Franciscanos e Dominicanos “com linguagens simples” difundiram “uma devoção à humanidade de Cristo usando exemplos concretos e compreensíveis”. As instituições leigas, as antigas corporações e as próprias autoridades civis se dirigiam a eles, também para a solução de embates internos e externos. E se adaptaram às transformações da sociedade: uma vez que as pessoas estavam migrando do campo para as cidades, construíram seus mosteiros em áreas urbanas. Souberam entender “as transformações culturais em ato naquele período. Novas questões animavam as discussões nas universidades que surgiram no fim do século XII (...) e como estudantes e professores, entraram nas universidades mais famosas da época, fundaram centros de estudos, produziram textos de grande valor, deram vida a verdadeiras e próprias escolas de pensamento”.

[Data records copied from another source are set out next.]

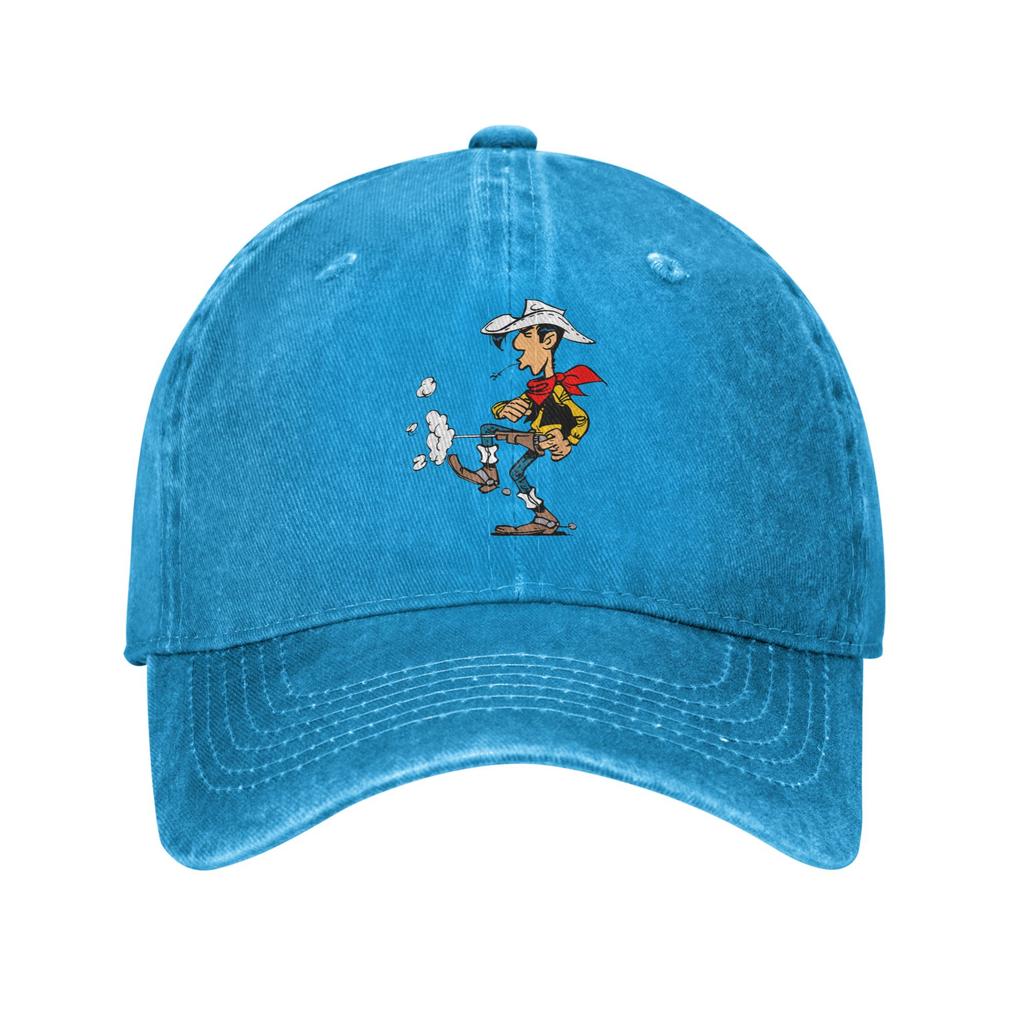 Lucky Luke Unisex Baseballpet Cartoon Verweerd Gewassen Petten Hoed Vintage Buiten Alle Seizoenen Reizen Pasvorm Snapback Pet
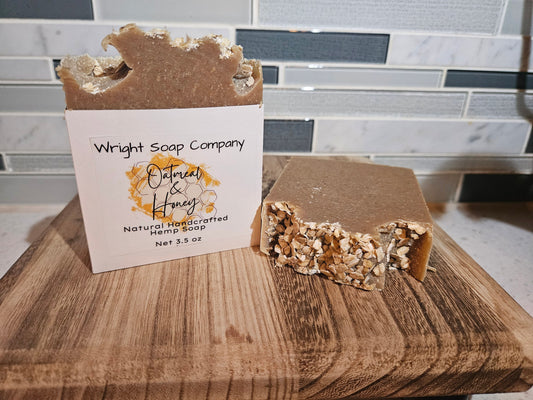 Oatmeal and Honey Hemp Soap - Handmade Soap - Oatmeal- Selfcare-Artisan-Coconut Free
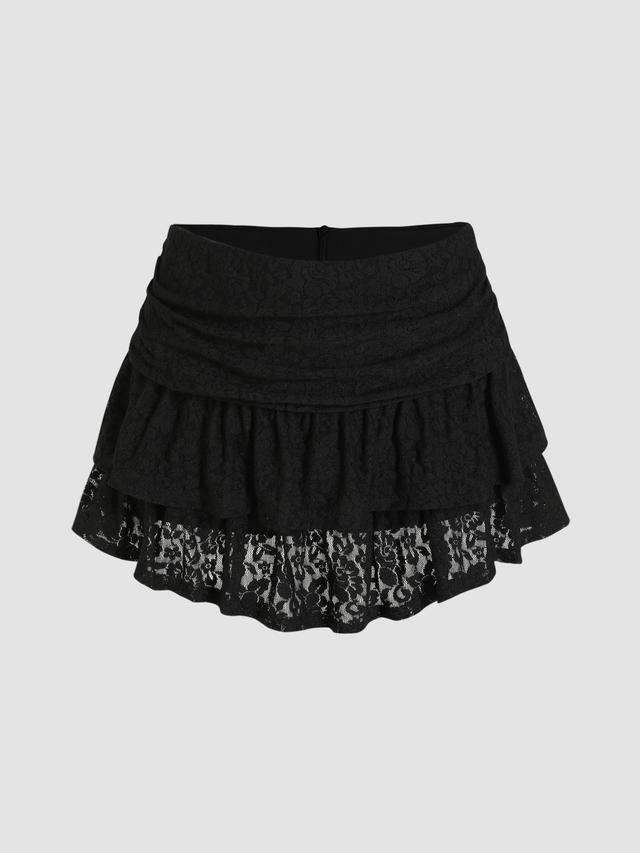 Ruched Floral Lace Knit Layered Mini Skort Product Image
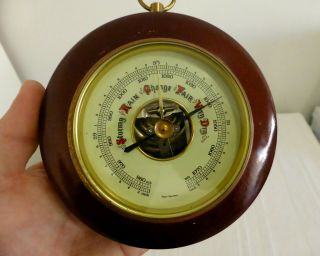 WEST GERMANY Antique / Vintage ANEROID BAROMETER round weather gauge 2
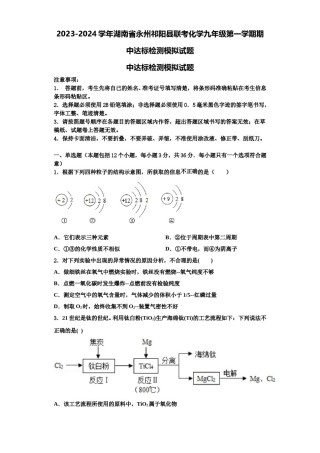 2023-2024学年湖南省永州祁阳县联考化学九年级第一学期期中达标检测模拟试题含解析.doc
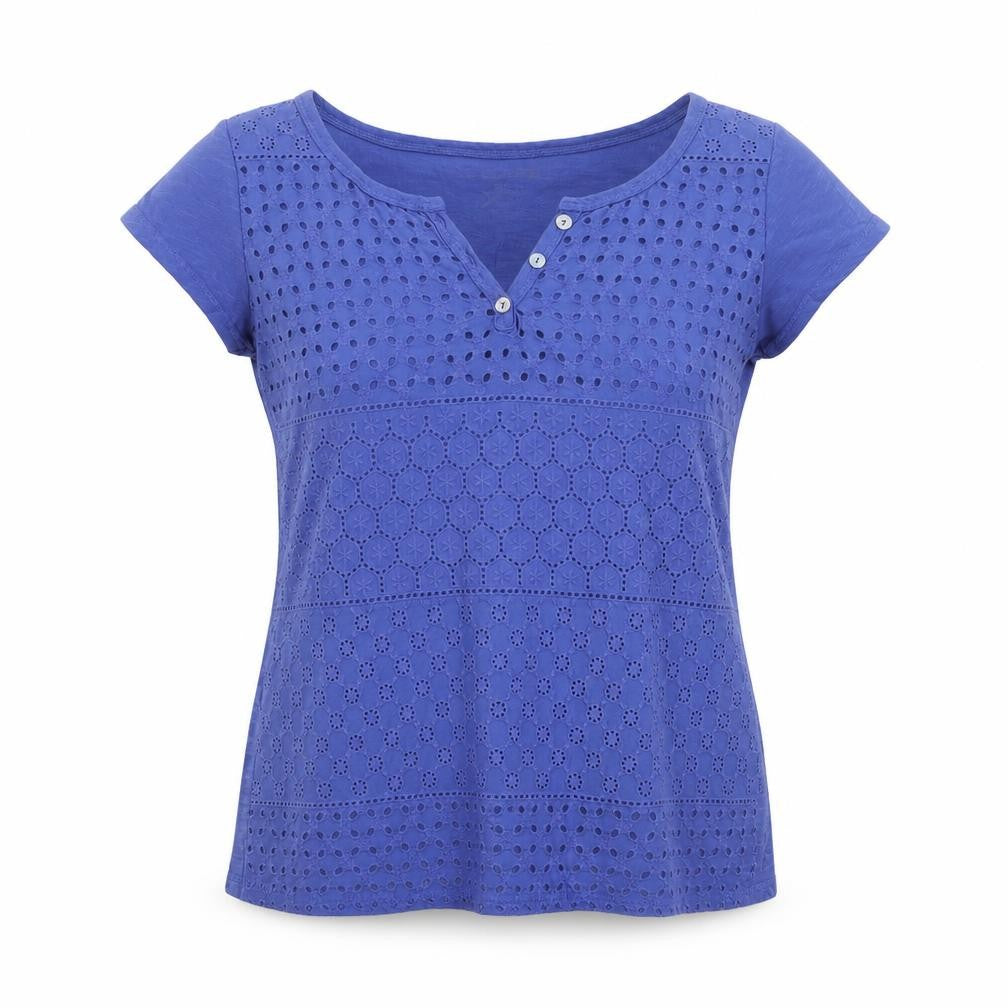 X-CAPE Women’s Blue Cotton Crochet Button T-Shirt Size S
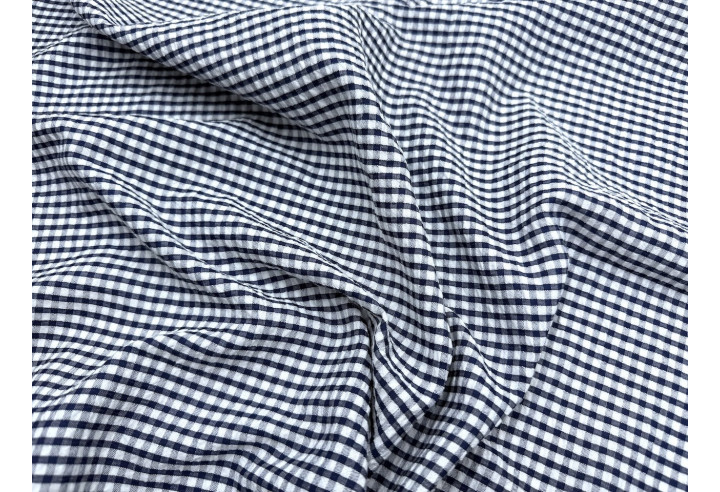 Tissu Seersucker Polycoton carreaux Marine de Qualité, Tissu au mètre, Tissu pas cher - Alltissus.com
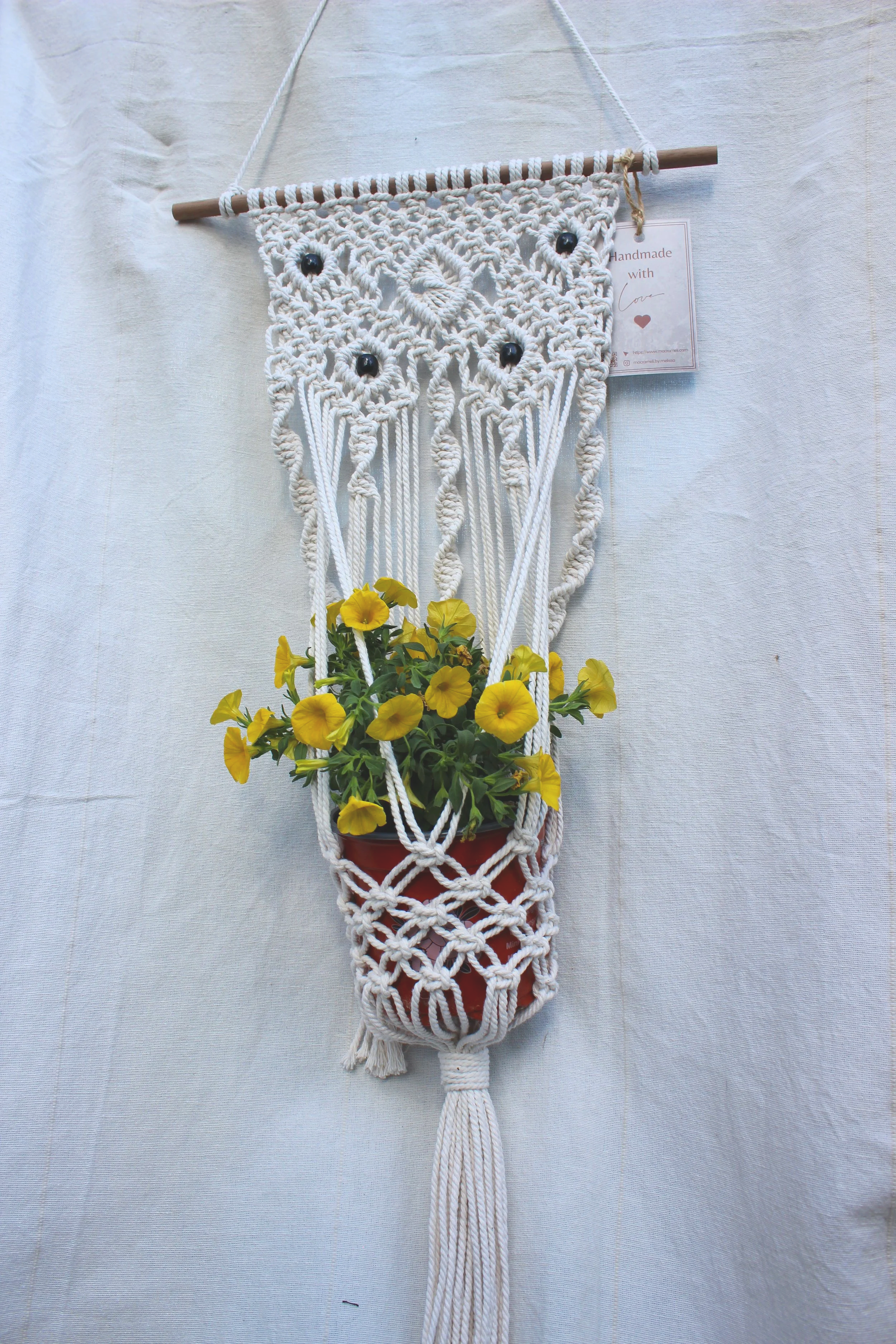 White Macramé Plant Hanger with Wood & Black Beads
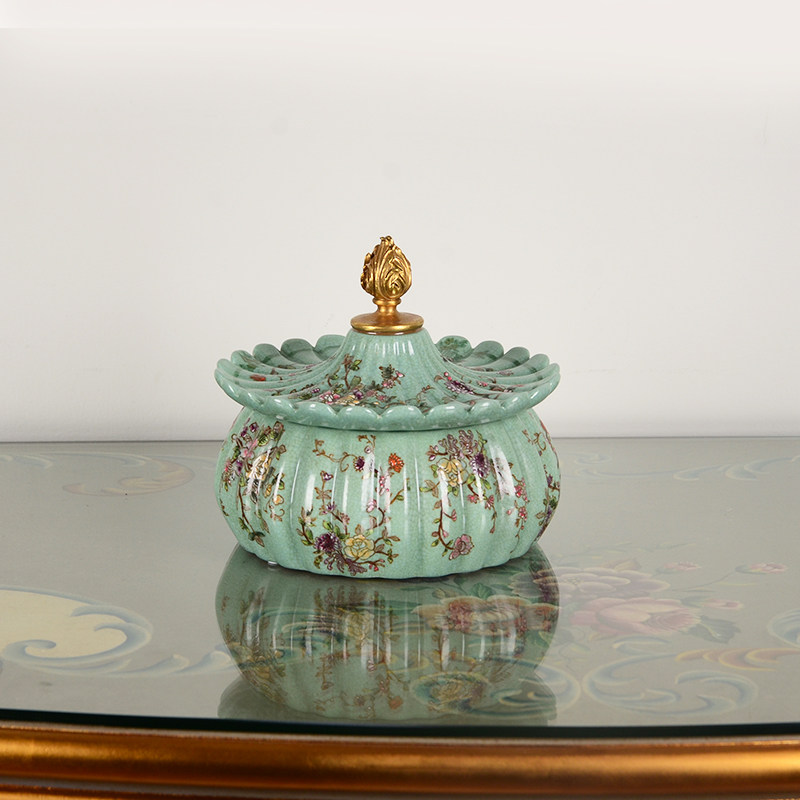 American retro ceramic jewelry box storage container,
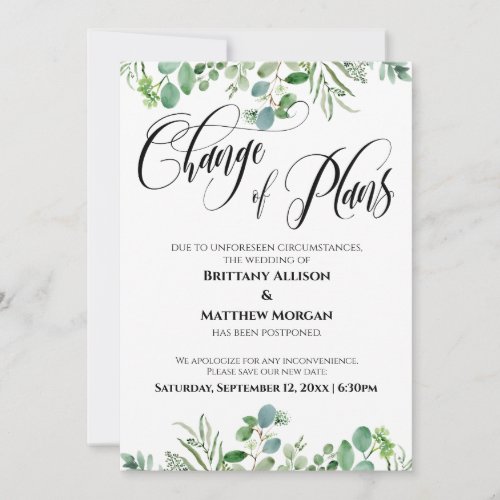 Change of Plans Eucalyptus Postponed Wedding Card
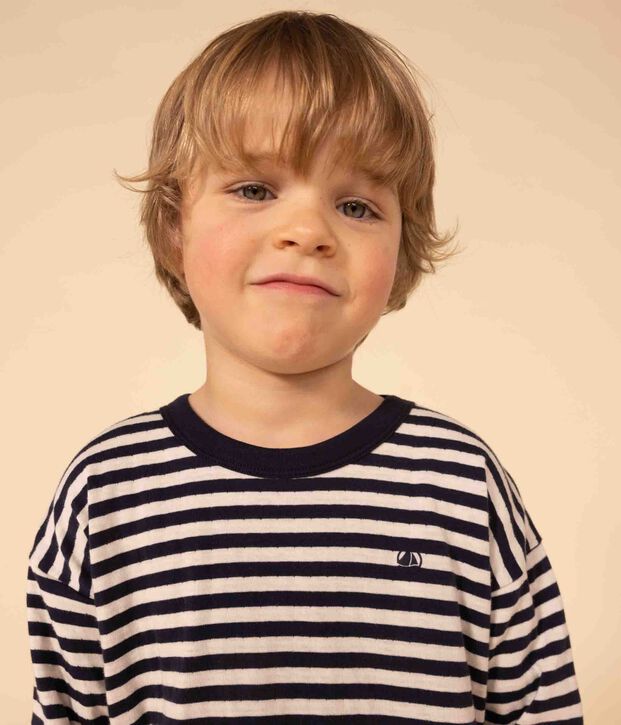 Camiseta de manga larga de tejido t&uacute;bico de ni&ntilde;o azul/crudo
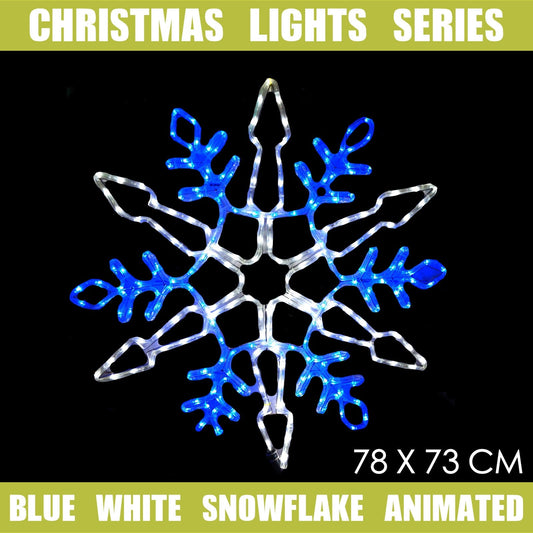 Christmas LED Motif Blue White Snowflake 78x73cm Indoor Outdoor Display Sign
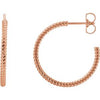 14K Rose 21 mm Rope Hoop Earrings - Siddiqui Jewelers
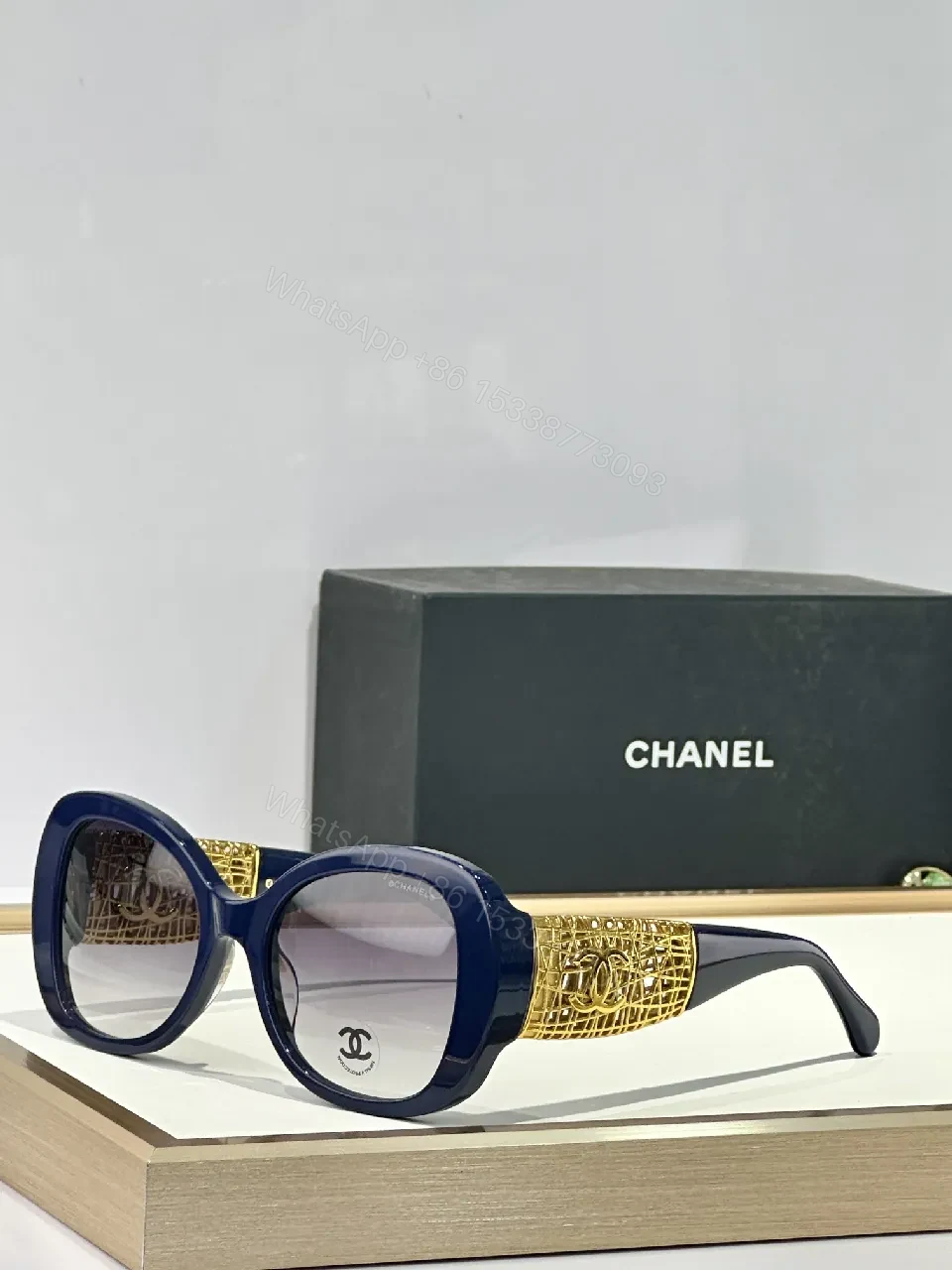 View 6 of Gold-Textured Luxury Sunglasses: Oversized Round, UV400, Acetate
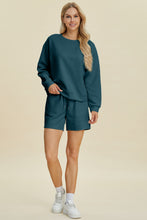 Load image into Gallery viewer, Double Take Full Size Texture Round Neck Long Sleeve Top and Shorts Set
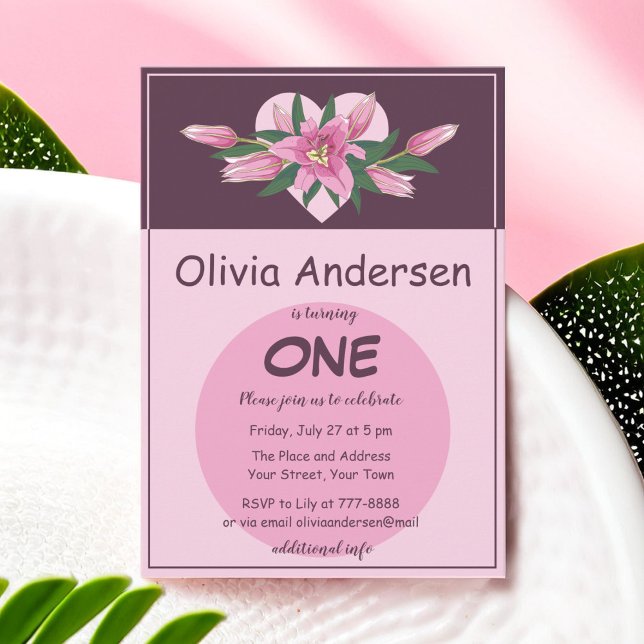 Convite Pink Blooming Lily Sweet Heart Aniversário (Pink Blooming Lily Sweet Heart Birthday Invitation)
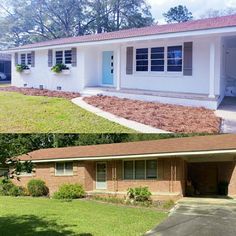 before and after photos of a home in the suburbs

Giotto dará vida não apenas a um estúdio muito ativo e sede de muitos mestres, mas também a uma verdadeira e própria “escola” que influenciará toda a arte italiana subsequente. Numa época que está mudando, com sua revolução pictórica o artista florentino atinge o auge de uma renovação que – expondo-se a riscos, contradições e já a novas decadências – o levará a ser considerado, como escreve o historiador Giovanni Villani em 1340, “o mestre da pintura mais notável que já existiu”.